--- Supplied data Enclosed Below ---

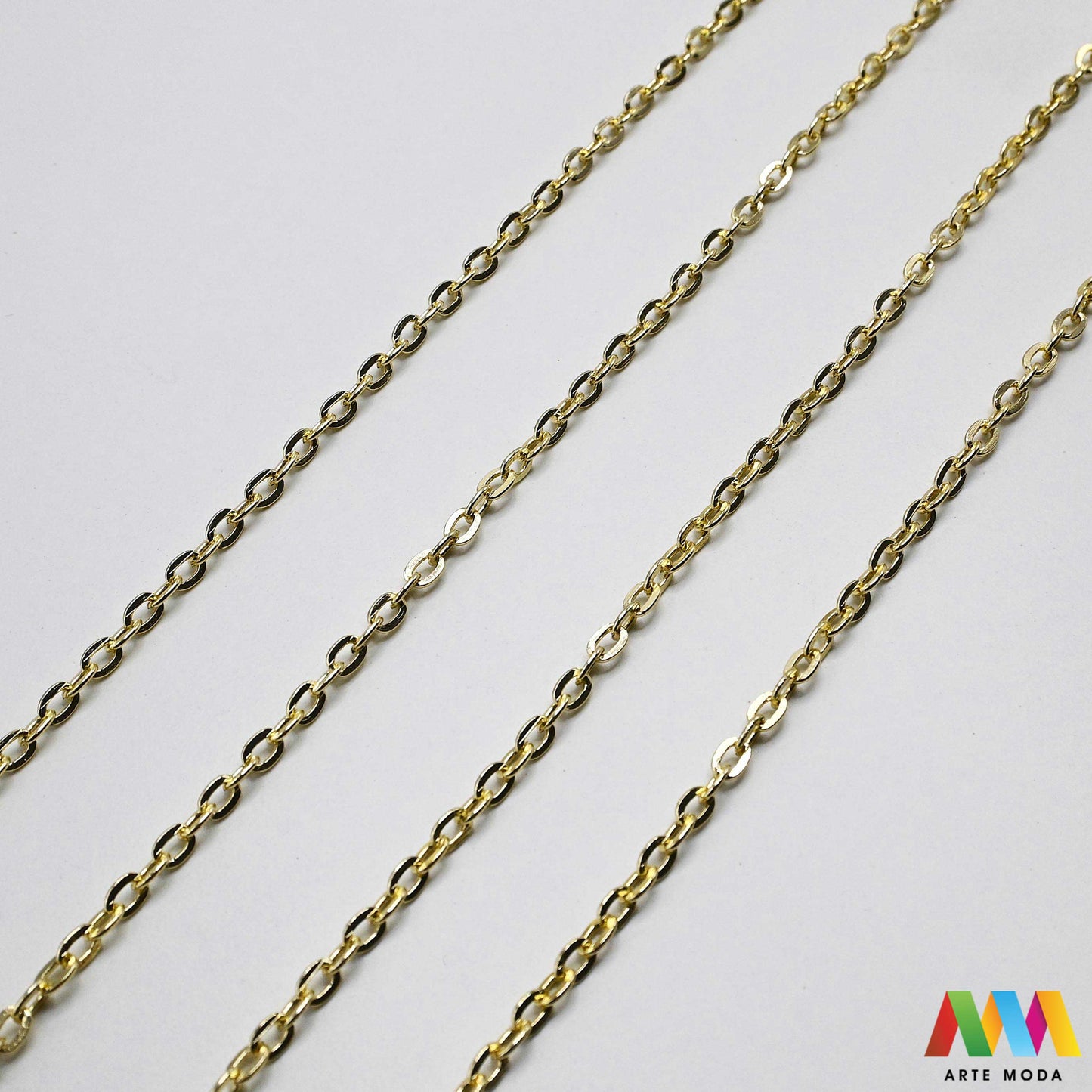 aluminijski lanac torbe ruksak nakit lagani izrada aluminij DIY materijal remen ogrlice narukvice karike ručke pribor komponente ukrasni repromaterijal Želite lagan i trendi materijal Aluminijski lanci savršeni su za vaše projekte Idealni su za izradu laganih remena za torbe ili statement nakita ogrlice narukvice Lakši su od klasičnih metala ne opterećuju i dolaze u raznim bojama i debljinama Lako ih je rezati i oblikovati laganu eleganciju za svoj uradi sam nakit i modne dodatke arte moda repromaterijal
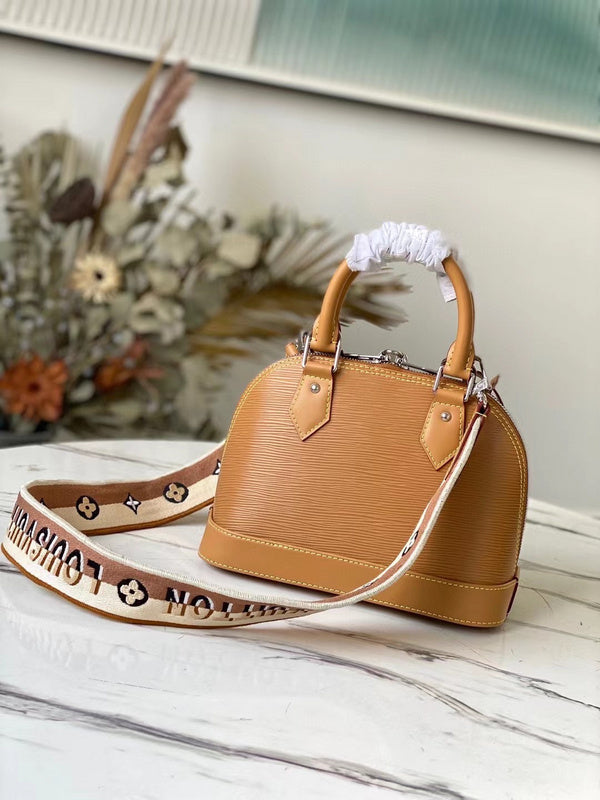 LOV - Luxurious Totes - 2001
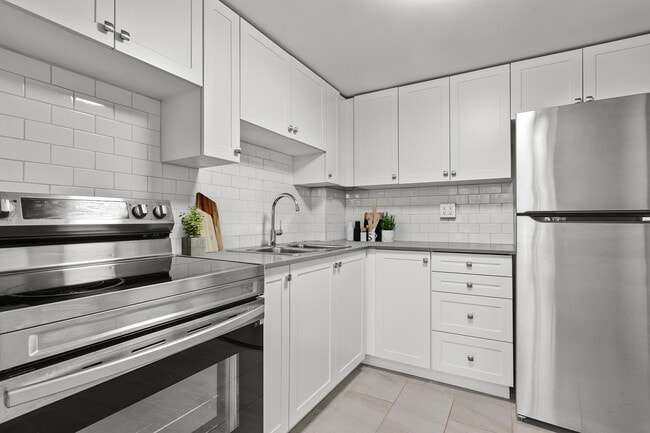Cedar Grove in Toronto, ON - Building Photo - Building Photo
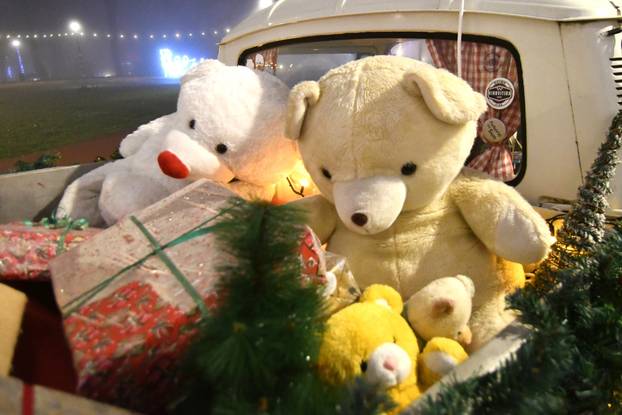 Vozila puna plišanih medvjedića apsolutni su hit adventa u Virovitici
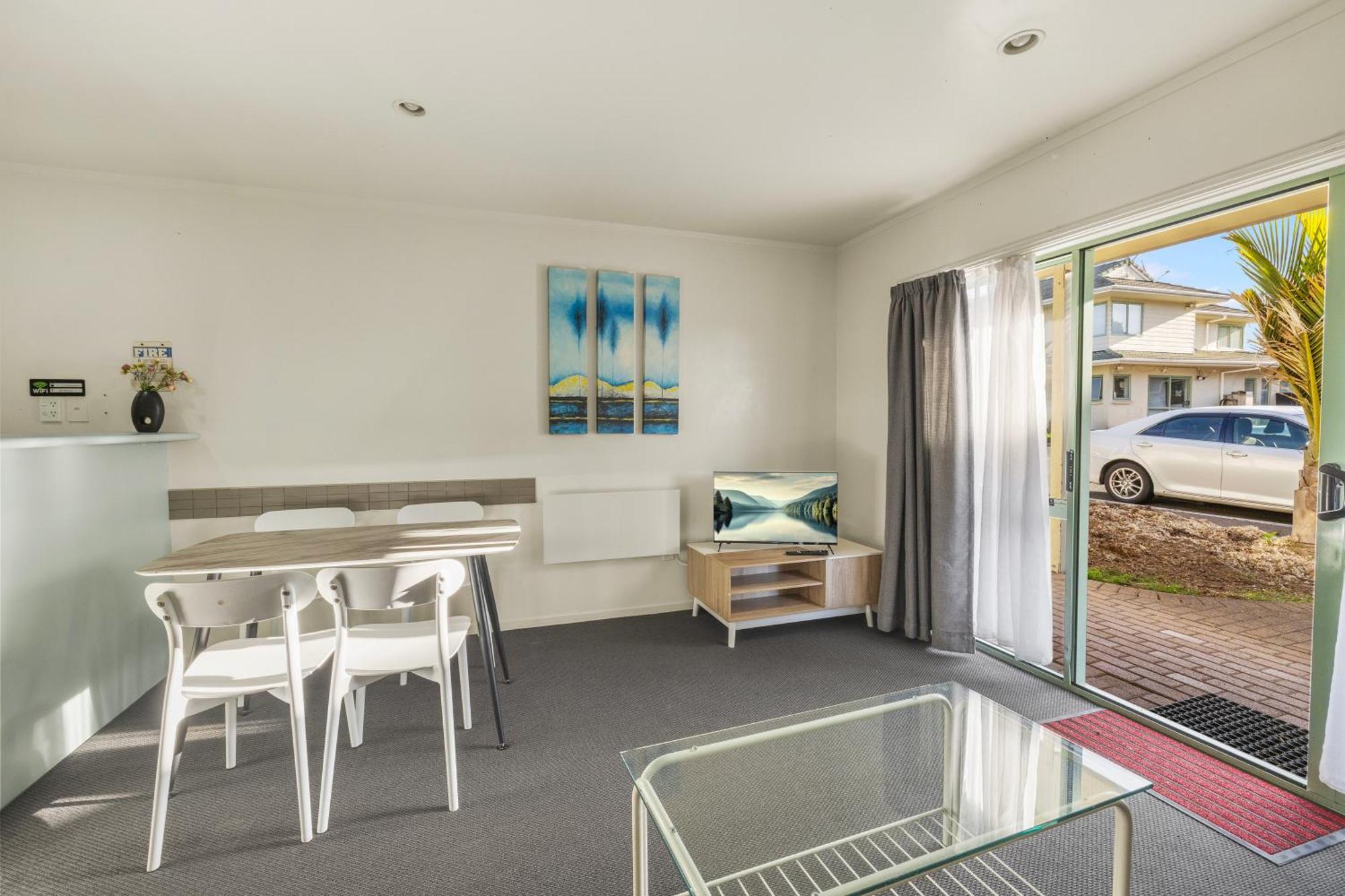 Two-Bedroom Apartment Hot Tub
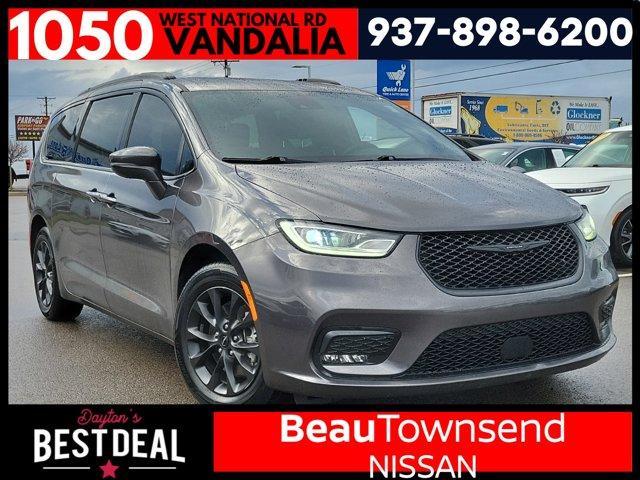 used 2021 Chrysler Pacifica car, priced at $29,547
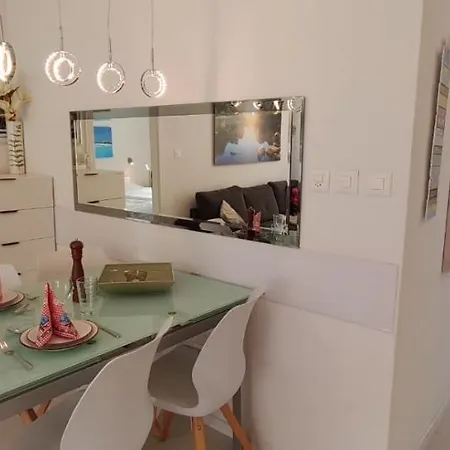 Cristal 68 Διαμέρισμα *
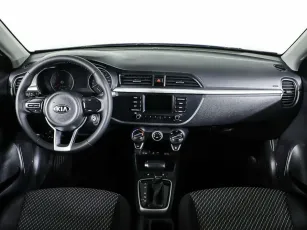 Kia  12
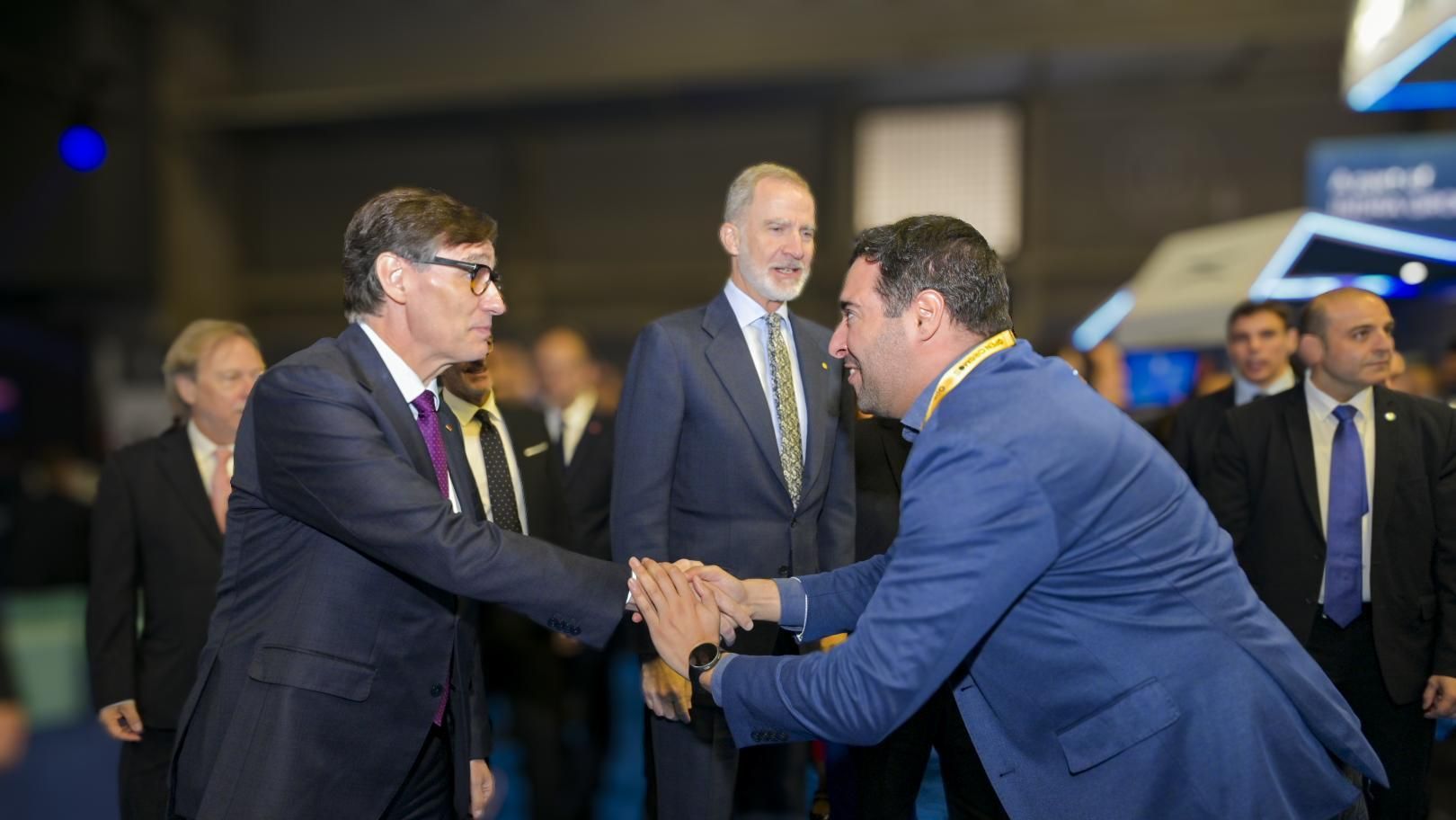 Visita del 'president' de la Generalitat, Salvador Illa, el rey Felipe VI y el ministro de Industria y Trabajo, Jordi Hereu, en el stand de Open Cosmos en el MWC de Barcelona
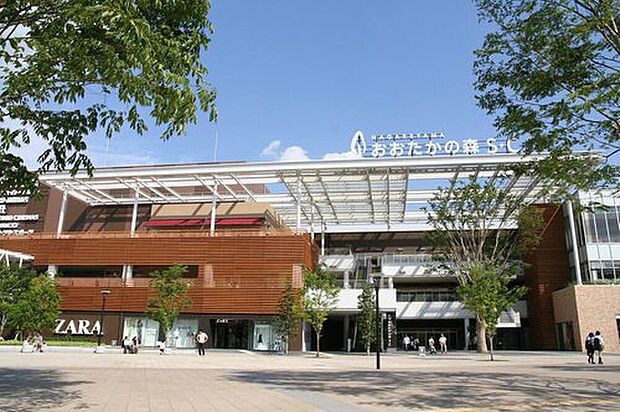 流山おおたかの森ショッピングセンター(約2,380m)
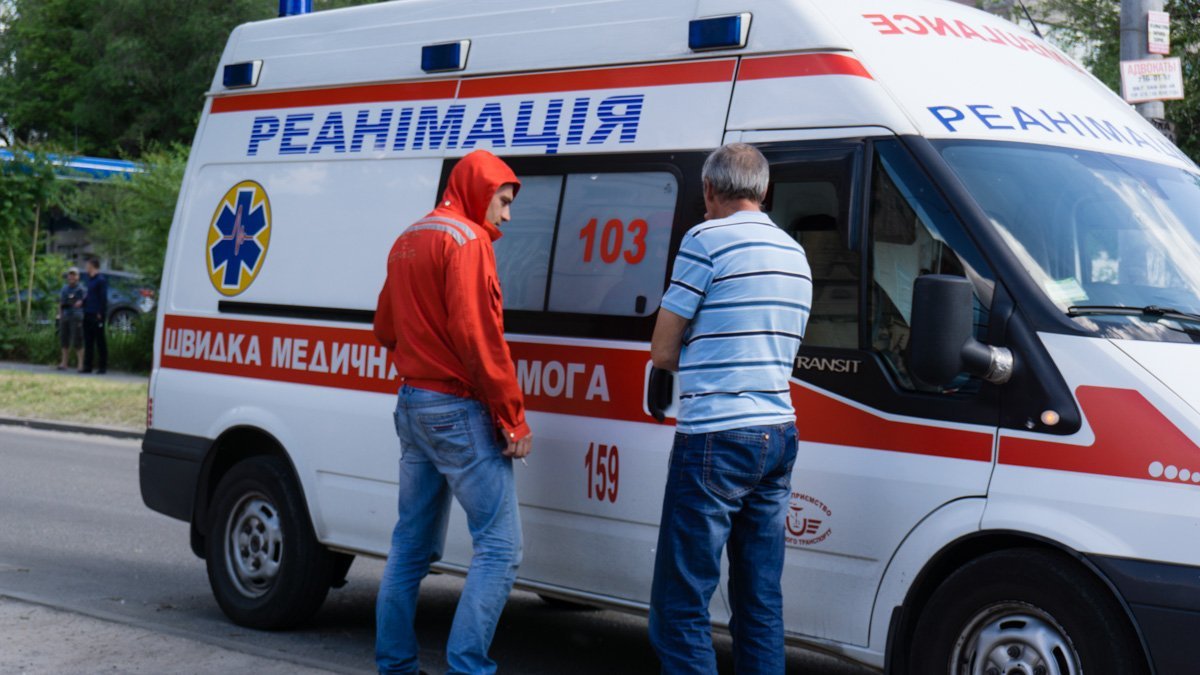 Для оказания помощи вымышленным пострадавшим на место приехали медики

--- End of Enclosed Supplied data ---

What is expected: Write out all the entries again, word for word, and print no images.

Written solution:
 aluminijski lanac torbe ruksak nakit lagani izrada aluminij DIY materijal remen ogrlice narukvice karike ručke pribor komponente ukrasni repromaterijal Želite lagan i trendi materijal Aluminijski lanci savršeni su za vaše projekte Idealni su za izradu laganih remena za torbe ili statement nakita ogrlice narukvice Lakši su od klasičnih metala ne opterećuju i dolaze u raznim bojama i debljinama Lako ih je rezati i oblikovati laganu eleganciju za svoj uradi sam nakit i modne dodatke arte moda repromaterijal
 LOV - Luxurious Totes - 2001
Cedar Grove in Toronto, ON - Building Photo - Building Photo
 Vozila puna plišanih medvjedića apsolutni su hit adventa u Virovitici
 Two-Bedroom Apartment Hot Tub
 used 2021 Chrysler Pacifica car, priced at $29,547
 Cristal 68 Διαμέρισμα *
 Kia  12
 Visita del 'president' de la Generalitat, Salvador Illa, el rey Felipe VI y el ministro de Industria y Trabajo, Jordi Hereu, en el stand de Open Cosmos en el MWC de Barcelona
 流山おおたかの森ショッピングセンター(約2,380m)
 Для оказания помощи вымышленным пострадавшим на место приехали медики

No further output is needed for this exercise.